-
Notifications
You must be signed in to change notification settings - Fork 4.1k
kvserver: delay log truncations in presence of paused followers #84467
Description
Is your feature request related to a problem? Please describe.
PR #83851 introduces pausing of replication to followers on overloaded stores. This frequently leads to these replicas requiring snapshots. It could be desirable to make log truncations more lenient in the presence of overloaded followers, to delay the snapshot until it is clear that it is the cheaper way to catch up the replica.
Also, in regimes where a follower is paused and unpaused periodically for extended periods of time (which is assumed to be a normal case under persistent overload), it is doubly important to avoid repeated snapshots.
Describe the solution you'd like
Set a more lenient MaxLogSize in the raft log queue when overloaded (or paused?) followers are present.
The MaxLogSize set here should be a function of the configured max range size, most likely a fraction of it (since applying a snapshot is vastly more efficient than iterating over the log in the common case).

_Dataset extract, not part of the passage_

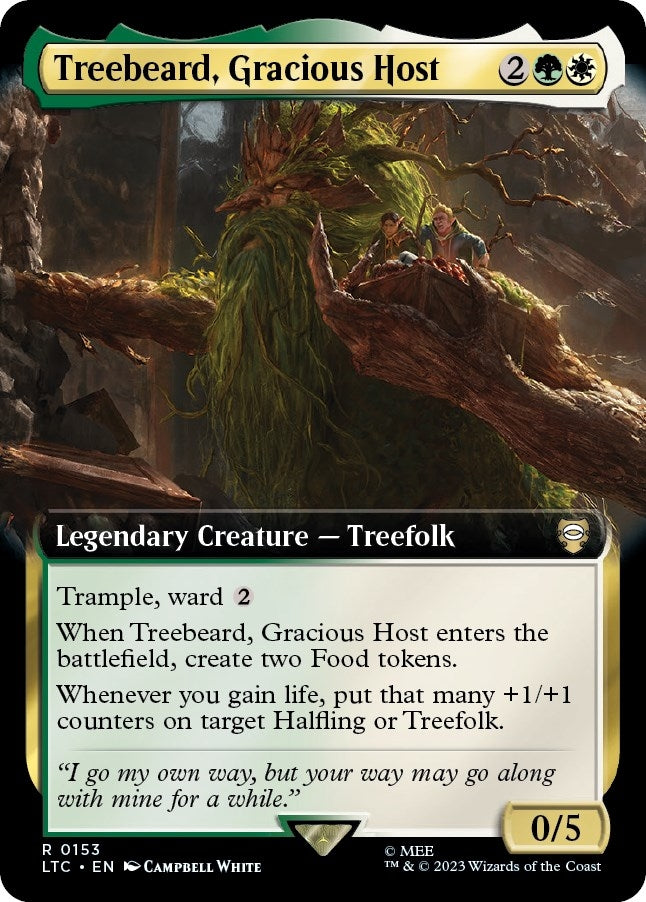Image for Treebeard, Gracious Host (Extended Art) (153) [LTC]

But perhaps the real change necessary is to set a higher bar for when to even attempt to send a snapshot, i.e. block snapshots not only when the follower is paused, but also when it is still "fairly overloaded" (say score >0.4 where the pausing cutoff is 0.8). It is hard to reason through this though, since snapshots might be required to restore quorum, and such snapshots should not to be delayed.
Describe alternatives you've considered
Additional context
Jira issue: CRDB-17676